Existing methods face the following challenges:

Vulnerability Exposure: MapBench evaluations demonstrate that sensor failures significantly degrade HD Map model performance, posing threats to traffic safety.

Limitations of Prior Work: Methods like MetaBEV and UniBEV address the sensor failure issue for 3D object detection but still rely on complete multi-view images. M-BEV only utilizes local crops of neighboring views for recovery, which requires a predefined cropping ratio and fails to fully utilize information from all available views.

Research Gap: Robust methods for HD Map construction under incomplete observations have not been fully explored, despite map construction being highly dependent on static environmental data captured by surrounding cameras.

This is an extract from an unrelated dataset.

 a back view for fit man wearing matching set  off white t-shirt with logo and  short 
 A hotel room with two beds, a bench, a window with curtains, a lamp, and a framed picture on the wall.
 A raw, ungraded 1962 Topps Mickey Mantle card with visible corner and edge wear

SafeMap is the first robust framework specifically designed for HD Map construction under incomplete multi-view camera data.

Method

Overall Architecture

SafeMap is built upon the MapTR framework and consists of four core components:

  1. Map Encoder: 2D feature extractor + PV-to-BEV transformation module
  2. G-PVR Module (Gaussian-based Perspective View Reconstruction): Perspective view feature reconstruction based on Gaussian sampling
  3. D-BEVC Module (Distillation-based BEV Correction): Distillation-based BEV feature correction
  4. Map Decoder: MapTR-based decoder and prediction heads

During training, a Random View Masking (RVM) mechanism is used to randomly mask 2D image features of a specific view to simulate camera failures, followed by information recovery via the G-PVR and D-BEVC modules. During testing, the reconstruction module predicts the features of the missing views.

Key Designs

G-PVR: Gaussian-based Perspective View Reconstruction Module

This module represents the core innovation of the paper, addressing the problem of "how to reconstruct missing views from multiple available views."

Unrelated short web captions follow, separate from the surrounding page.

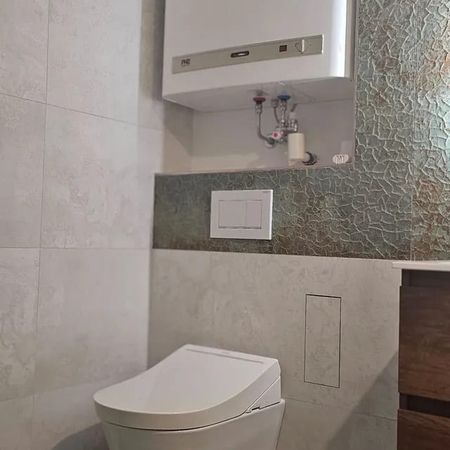 Moderne Wandtoilette mit verdecktem Spülkasten und weißem Boiler darüber in einem Badezimmer mit grauen Fliesen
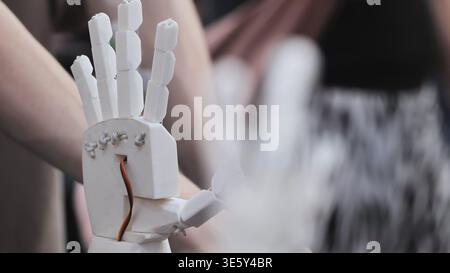 Robotic prosthetic hand prototype. Close up of a 3D printed bionic arm with visible wiring Stock Photo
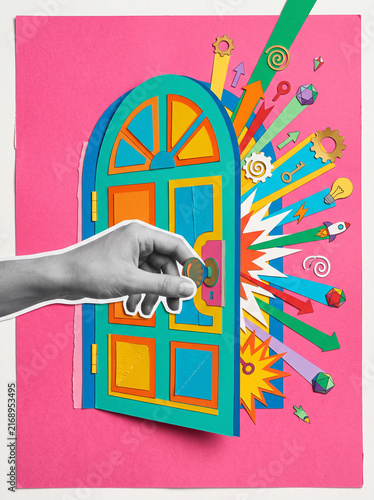 Grayscale hand opening colorful paper door with arrows gears keys and creative collage objects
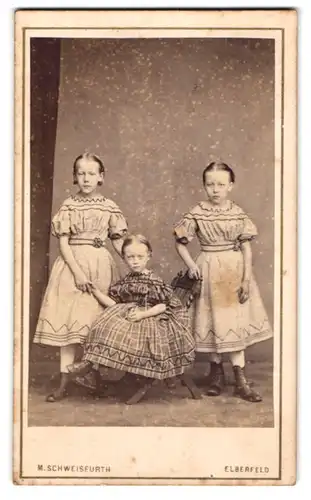 Fotografie M. Schweisfurth, Elberfeld, Königstrasse 10, Drei Schwestern in hochwertigen Kleidern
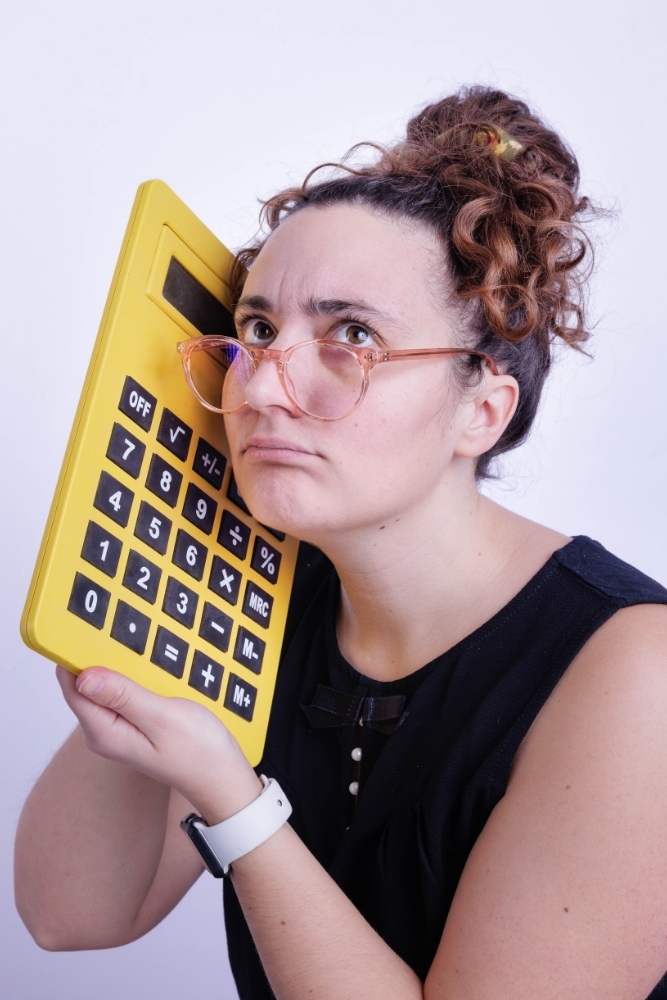 Assistante indépendante tenant une calculatrice jaune avec une expression sérieuse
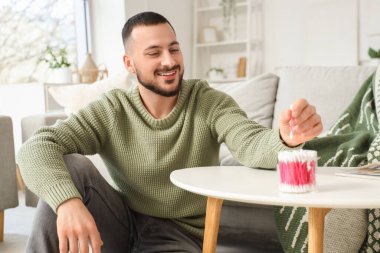 Evde pamuklu tomurcukları olan genç bir adam.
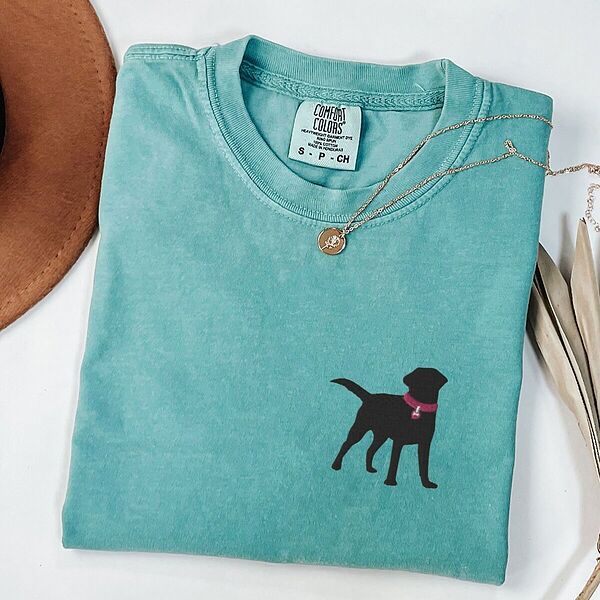 Seafoam T-shirt laid flat with a necklace, embroidered with a small black Labrador silhouette in a hot pink collar and tag on the left chest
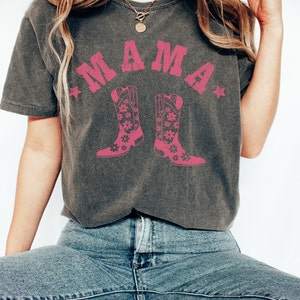 May include: A gray t-shirt with a pink graphic of the word "MAMA" with two pink cowboy boots with floral designs on them.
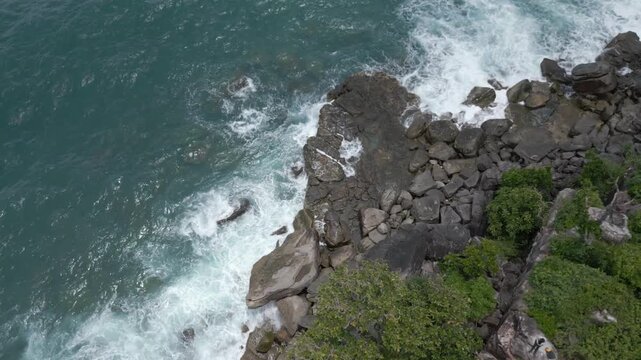 Ocean waves strike a rocky outcrop below steep cliffs. Seen from above in a rotational camera movment.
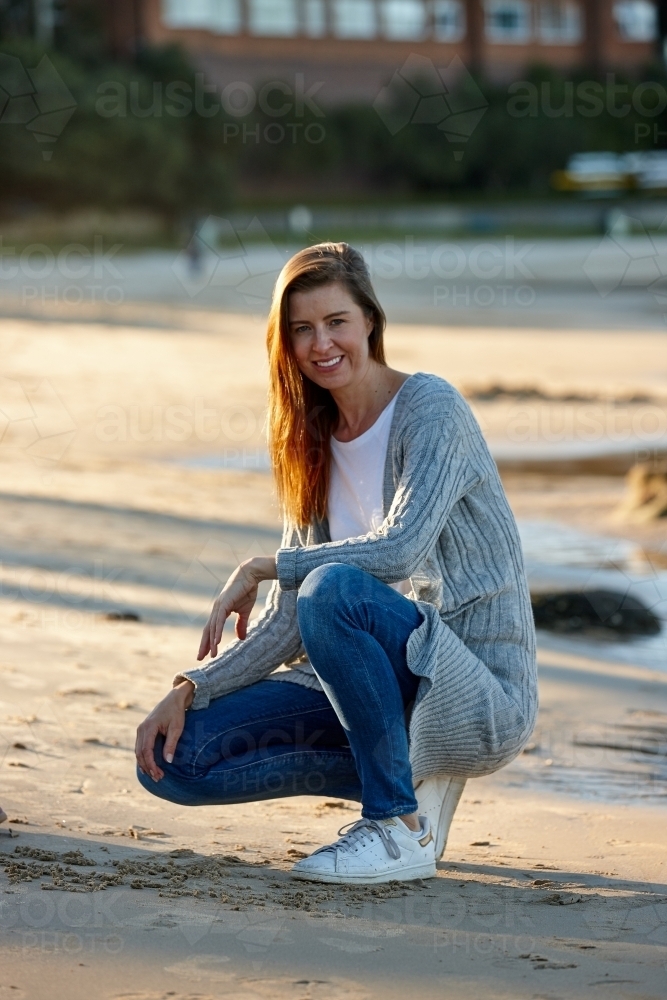 Mother smiling at beach on sunset - Australian Stock Image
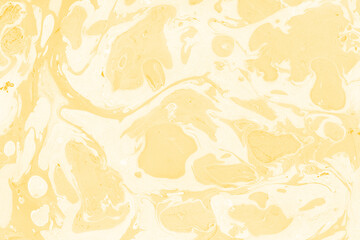 Yellow luxury marble ink texture on watercolor paper background. Marble stone image. Bath bomb effect. Psychedelic biomorphic art.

Core Idea: Different views contribute differently to the reconstruction of the missing view. Neighboring views contain the most relevant information and should receive higher weights, while distant views (such as the opposite view) contain less information and should be down-weighted.

Specific Steps:

  1. Perspective Panoramic View Concatenation: Starting from the left and right neighboring views of the missing view, all available frames are arranged sequentially by spatial distance and concatenated into a perspective panoramic view \(F_{PPV} = \text{Concat}(F_{PV}^a) \in \mathbb{R}^{H \times N_a W \times C}\)

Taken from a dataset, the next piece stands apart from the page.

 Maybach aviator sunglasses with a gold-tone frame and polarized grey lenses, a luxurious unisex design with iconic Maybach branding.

  2. Gaussian Reference Point Generation: Generate reference points following a Gaussian distribution on the perspective panoramic view:

    • Horizontal direction: \(p_x \sim \mathcal{N}(N_a W / 2, \sigma^2)\) (centered on the middle to concentrate sampling points on the neighboring view regions)
    • Vertical direction: \(p_y \sim \mathcal{U}(0, H)\) (uniformly distributed to cover the full height)
  3. Deformable Attention Reconstruction: Utilize a learnable query \(V\) and an offset network \(\theta_{\text{offset}}\) to generate sampling offsets, extracting sampled features at reference point locations via a deformable attention mechanism: \(\hat{k} = \hat{x} W_k, \quad \hat{v} = \hat{x} W_v\) \(\Delta p = \theta_{\text{offset}}(V), \quad \hat{x} = \phi(F_{PV}^a; p + \Delta p)\)

  4. MAE-style Transformer Reconstruction: Reconstruct missing view features using MAE-like Transformer blocks.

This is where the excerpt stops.